With an indie aesthetic and a focus on dry and expressive beers, Tired Hands Brewing Company has staked out its unique identity as a brewery and destination restaurant.

Emily Hutto Aug 28, 2016 - 7 min read

Breakout Brewer: Tired Hands Brewing Company Primary Image

My stylistic interests are pretty simple,” says Jean Broillet, the owner and founder of Tired Hands Brewing in Ardmore, Pennsylvania. “Dry, dry, dry; expressive, expressive.” Accordingly, Jean explains, he’s focused on yeast-forward and dry hop–forward beer styles.

The focus on these two styles is represented in Tired Hands’ two flagship beers: SaisonHands and HopHands. SaisonHands is a fruit-forward, barnyard-tasting 4.8 percent ABV beer brewed with rye, oats, and wheat, and single-hopped with Cascade hops.
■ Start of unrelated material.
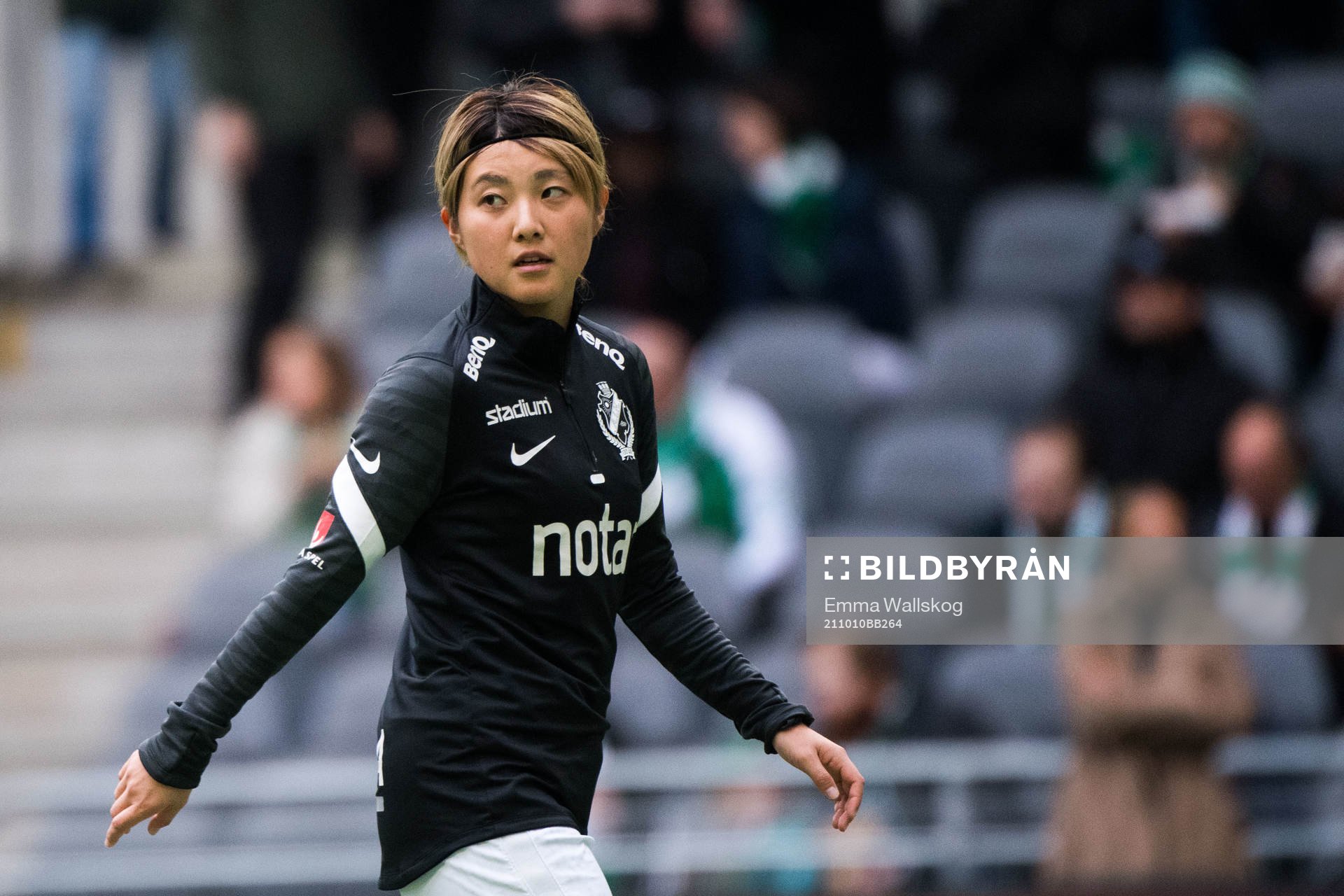s Honoka Hayashi innan fotbollsmatchen i Damallsvenskan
It’s fermented with Tired Hands’ house-saison yeast, which started from the dregs of one of Broillet’s favorite Belgian beers blended with another strain of Brettanomyces. “We cultured this base strain five years ago, and we’re still using that same yeast from that initial harvest,” Broillet says. “We take really good care of our yeast, especially our saison yeast.”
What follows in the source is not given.